• _Problem requirements_:
Keep the pictures out, and restate the listing that follows exactly as written.

• _Information shown_:
=== Section Start ===

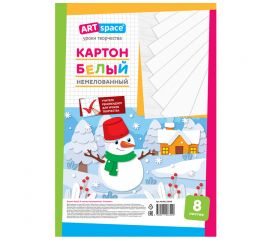 Картон белый A4, ArtSpace, 8л., немелованный, в пакете, "Снеговик"
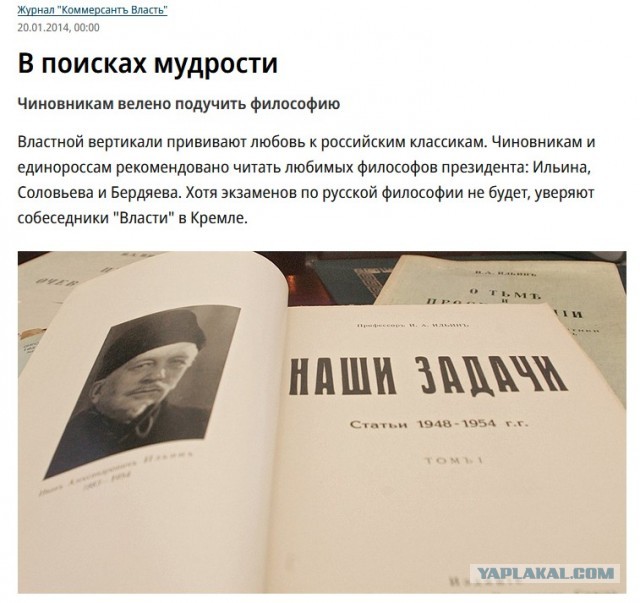 BadComedian про Ивана Ильина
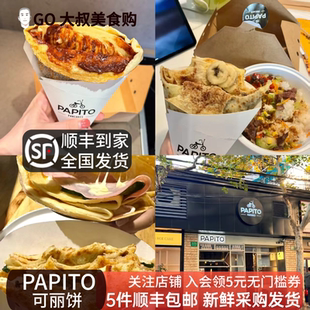 上海PAPITO Pancakes 可丽饼香蕉巧克力 芝士奶油草莓覆盆子 顺丰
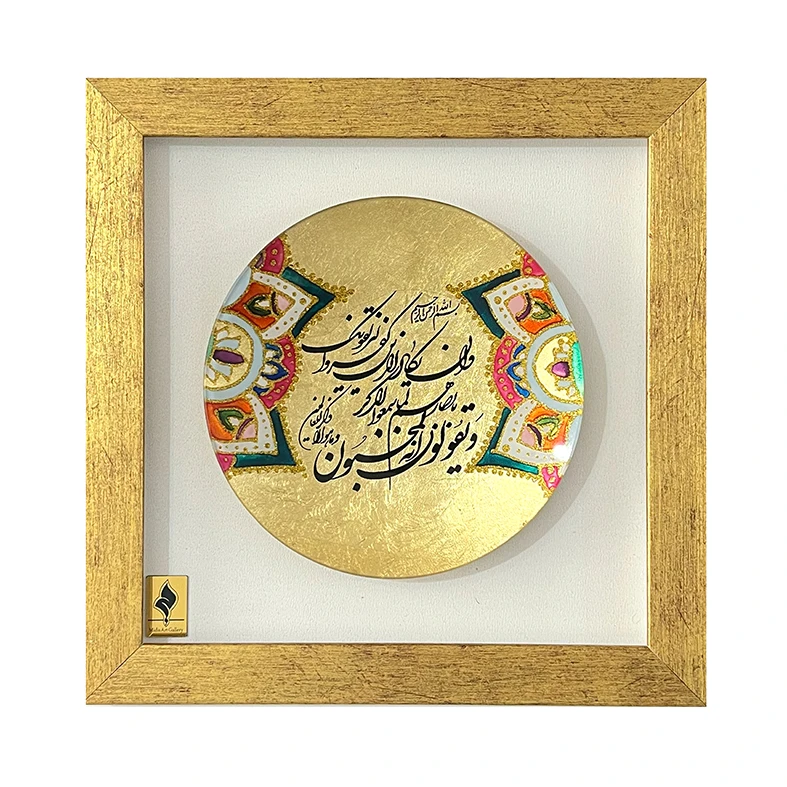 تابلو بشقاب میدیس آرت طرح وان یکاد کد 3002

=== Section End ===

• _Task answer_:
 Картон белый A4, ArtSpace, 8л., немелованный, в пакете, "Снеговик"
 BadComedian про Ивана Ильина
 上海PAPITO Pancakes 可丽饼香蕉巧克力 芝士奶油草莓覆盆子 顺丰
 تابلو بشقاب میدیس آرت طرح وان یکاد کد 3002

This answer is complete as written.